4月1日、社名を変更して新たなスタートを切ったばかりのSMBC日興証券の社員が、顧客からカネを騙し取り、不正に流用していた疑いがあることが、週刊ダイヤモンドの取材でわかった。捜査当局も事態を把握、立件を視野に捜査を進めている。なぜ不正は起きたのか。日興はこれを防げなかったのか。事件の全貌を追った。

 それは顧客からの1本の電話で突如、発覚したという。2011年2月のことである。 「期日を過ぎたのに、いつまでたっても利息が振り込まれないのですが……」

東京・兜町本社に掲げる新たな社名の看板。変わったばかりでつまずいてしまった
Photo by Toshiaki Usami

 三井住友銀行傘下の大手証券、SMBC日興証券(旧・日興コーディアル証券)で、個人向け営業を担当する社員が、顧客から得た資金を不正に流用していたことが今回、週刊ダイヤモンドの取材でわかった。

 容疑をかけられているのは、都内の支店で営業員を務める40代の男性社員。
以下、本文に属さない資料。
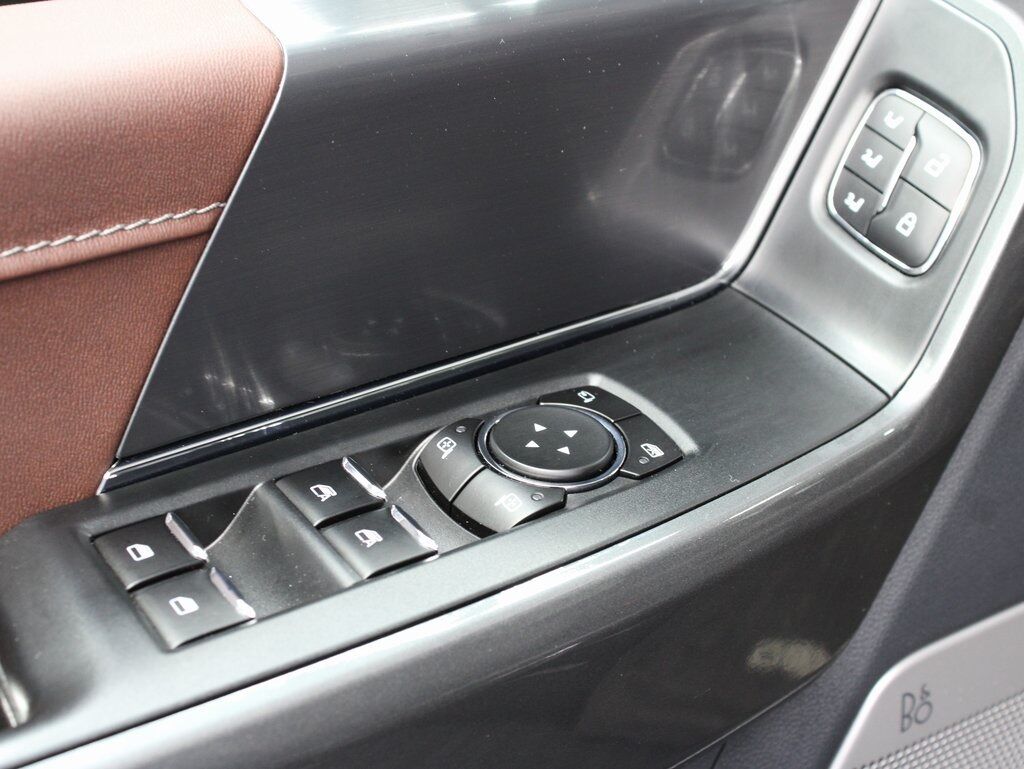 2023 Ford F-150 4x4 SuperCrew Lariat Fond du Lac WI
関係者の話を総合すれば、男性社員は10年ほど前から、顧客に投資を勧めながら、資金を直接現金で受け取ったり、男性社員個人の銀行口座に振り込ませたりして、投資にいっさい回しておらず、私的に流用していた疑いが持たれている。

 被害を受けた顧客は、わかっているだけで十数人に及ぶものと見られ、「被害総額は少なくとも約9億円に上る」(関係者)模様だ。
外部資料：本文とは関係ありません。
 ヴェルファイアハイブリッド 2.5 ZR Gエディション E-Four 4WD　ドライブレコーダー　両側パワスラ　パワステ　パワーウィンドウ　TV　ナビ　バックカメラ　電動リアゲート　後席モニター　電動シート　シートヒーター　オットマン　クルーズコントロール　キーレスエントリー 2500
  男性社員はこうして得た資金を、競馬などのギャンブルで被った損失や、消費者金融などからの借入金の返済に充てていたものと見られている。

それでも返済資金が足りず、次から次へと顧客から資金を騙し取り、別の顧客から得ていた資金の穴埋めに充てていた。これを繰り返してしまったがゆえに、見る見るうちに被害額がふくらんでしまったというわけだ。

 現在、男性社員は日興の調査や警察の取り調べにも応じ、容疑を認めているという。警視庁は今後、詐欺の疑いでの立件を視野に捜査を進めていく方針だ。
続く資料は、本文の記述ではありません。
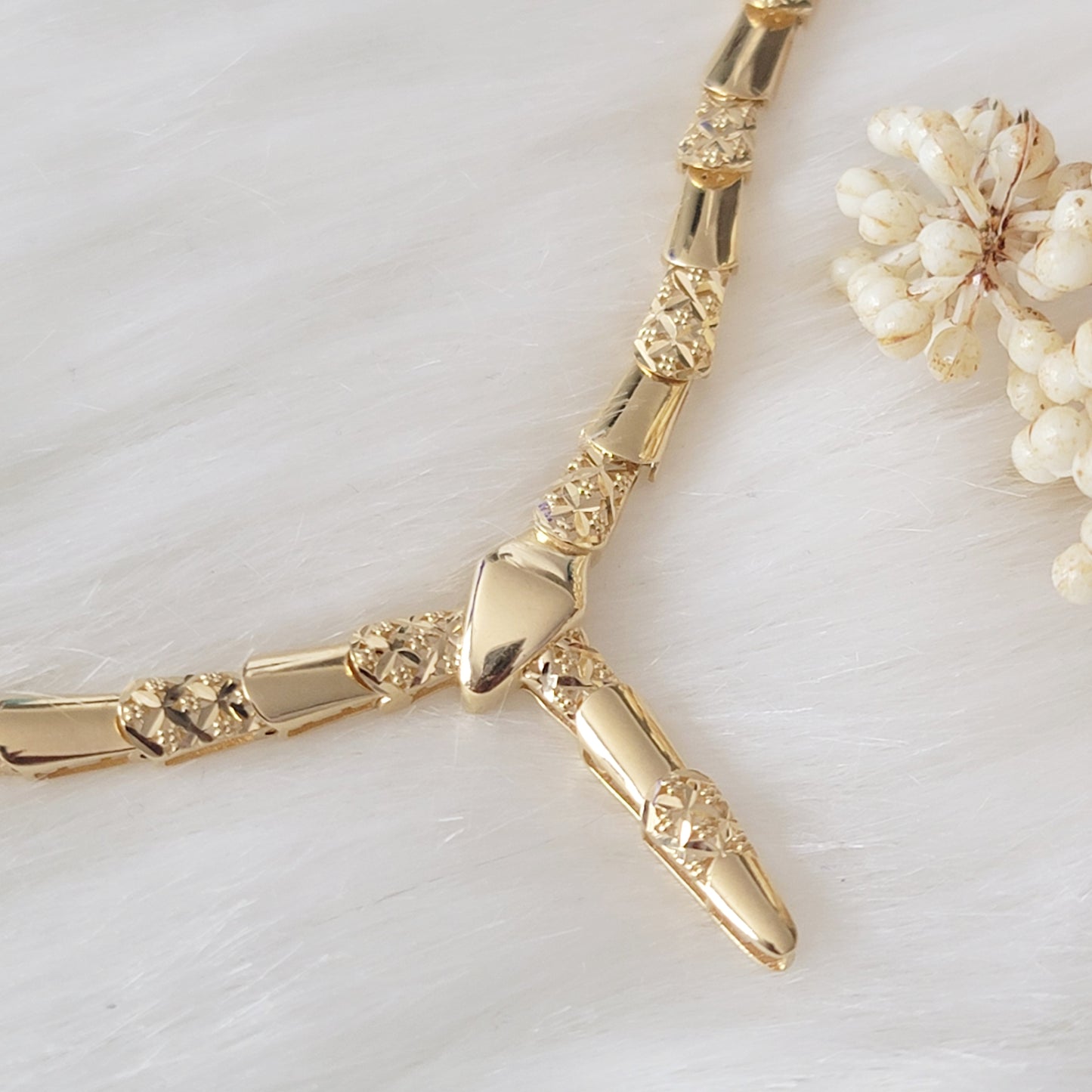 Serpenti Necklace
 「現金を私に預けてくれたら、1割の利息を保証しますよ」  

 男性社員は顧客に対して、一定の利回りを保証する架空の投資話を持ちかけ、有利と思わせるような勧誘を行っていた。

 なかには顧客から現金を受け取る際に、偽造した日興の社名入りの受領書を渡し、あたかも正規の投資商品であるかのように見せかけたり、利息に相当する金券の提供を約束したりするなど、悪質なケースも多く見られた。実際、自腹を切って金券を渡していたこともあったというから、顧客も気づかなかったわけだ。

 加えて、「顧客とは長い付き合いで、信頼を得ていた優秀な営業マンだった。昔は成績もよかった」(関係者)だけに、顧客も疑うことなく安心して資金を預けてしまったという。